Esta afirmação, aparentemente bombástica, quando analisada a frio, traduz apenas uma reafirmação lógica do princípio e dever de solidariedade que deve existir entre a República e as regiões. É nesse contexto de dever de solidariedade que se compreendem as transferências financeiras para as Regiões Autonómas dos Açores e da Madeira e foi assim que, em 1998, depois de tantos anos de Autonomia, se instituiu a Lei das Finanças Regionais.

Acontece que o País atravessa uma situação muito crítica nas finanças públicas (situação resultado da gestão dos sucessivos governos), constituindo esta um sério obstáculo ao cumprimento de compromissos internacionais como o Pacto de Estabilidade e ao desenvolvimento do País e, por conseguinte, um sério obstáculo para o progresso de todas as suas Regiões.

O mais natural e normal, numa situação crítica como a presente e numa visão de solução para o problema, é o estabelecimento de princípios e actuações que se ajustem ao todo nacional, responsabilizando-se, assim, todos os actores políticos a alinharem no caminho correcto e de forma concertada. (Em meu entender, vozes como «não foram as Regiões Autonómas que provocaram a crise» são cartas fora do baralho, porque de igual modo também não foram o Alentejo ou Trás-os-Montes. Mas ir por aqui levar-nos–ia a uma outra reflexão).
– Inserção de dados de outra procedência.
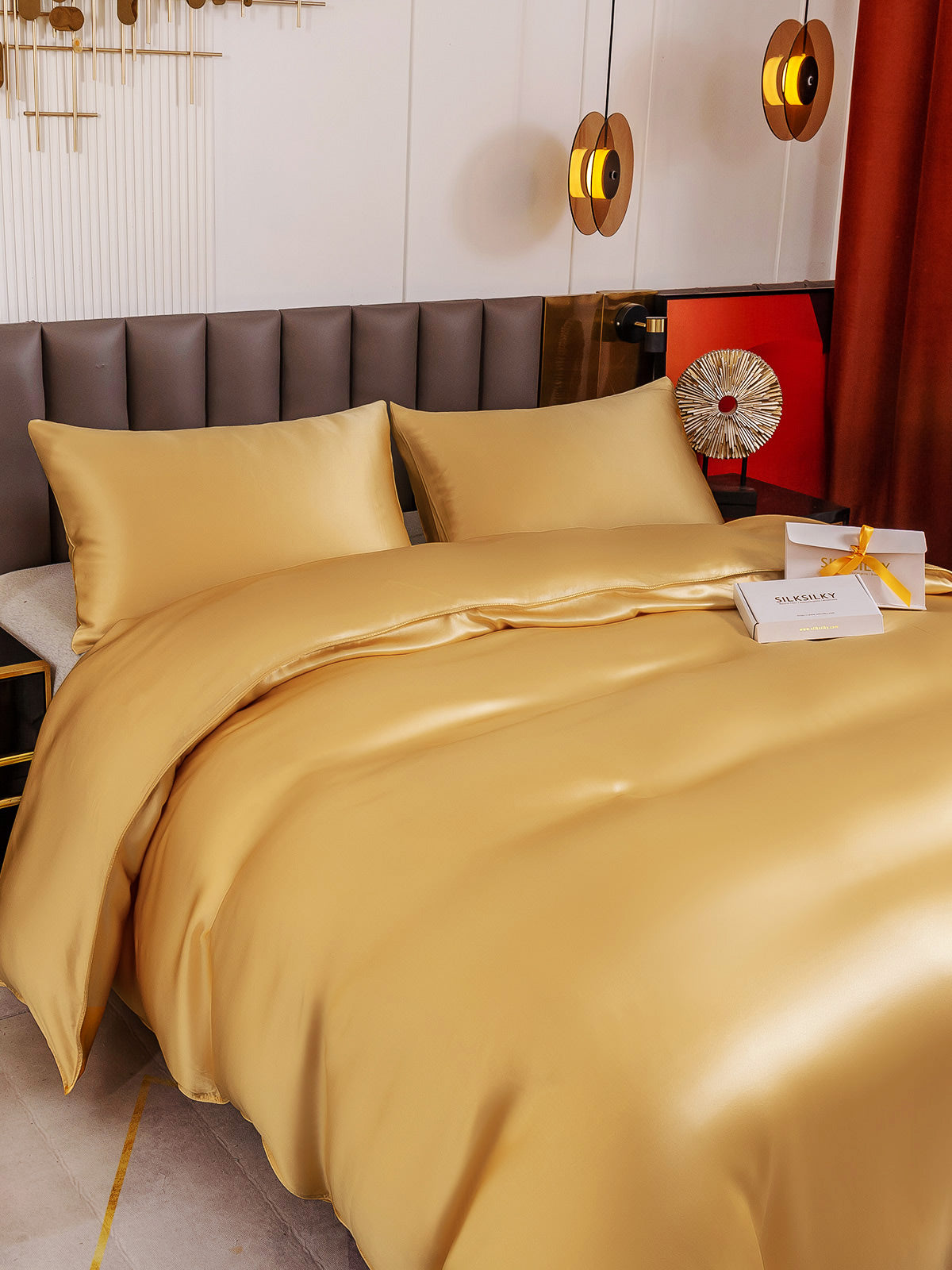 [Champagne] SilkSilky-AU 19Momme Pure Silk Bedding Set 003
Uma postura de solidariedade deve funcionar nos dois sentidos (República/Regiões e Regiões/República) e situar-se acima de todos os interesses. Há pois que assumir a disciplina financeira que a situação do país impõe, introduzindo as correcções tidas por necessárias em todo o território nacional, designadamente através de uma reorientação das despesas para o desenvolvimento e o melhor bem estar da população e do alargamento da base tributária no sentido de uma maior justiça relativa entre os cidadãos.

A Lei das Finanças Regionais de 1998 constituiu um primeiro marco importante no relacionamento financeiro entre a República e as suas Regiões Autónomas. Direi mesmo um passo fundamental foi dado com esta Lei. Sem dúvida, muita coisa ficou pendente e por fazer a diferentes níveis.

Mas há uma direcção essencial em todo este processo, não resolvida em devido tempo, que urge atalhar:

E, independentemente da sua «bondade», gerou-se o maior desconforto nos contribuintes do Continente porque desconhecem os montantes transferidos que pensam sair do seu bolso (na realidade, mesmo o mais «avisado» cidadão dificilmente acede ao envelope financeiro real que a República transfere directa e indirectamente para as Regiões), como reina a nível das Regiões Autónomas a opinião, desde há muito veiculada e mais ou menos acentuada pelos poderes políticos regionais, de que as verbas transferidas são menos que as receitas cobradas nas Regiões. Deparamo-nos, assim, perante duas visões claramente opostas de uma mesma questão, entre os contribuintes das Regiões e do Continente que, em minha opinião, não interessa a ninguém, pelo menos, numa óptica de cidadania nacional.

Não vou aqui debruçar-me sobre as razões históricas e «as bandeiras» desta desconfiança mútua. Mas ficaríamos todos bem melhor se se entrasse num processo de clarificação e de transparência que passa certamente, entre outras coisas, por um debate desapaixonado que tarda, orientado sobretudo para os princípios e critérios que orientam as transferências financeiras, o que certamente iria desembocar em questões ainda mais envolventes como o do próprio conceito de Autonomia e as expectativas da sua evolução, levando a questionar o porquê ainda de instituições como a do Ministro da República.

Alguém me diz que já tenho anos de vida para ser menos ingénuo (admito, esta situação dá dividendos). Apesar disso, continuo a defender (há lugar ainda para alguma utopia) que a ausência de transparência não é boa, pelo menos do ponto de vista da doutrina e dos sãos princípios da formação de cidadania.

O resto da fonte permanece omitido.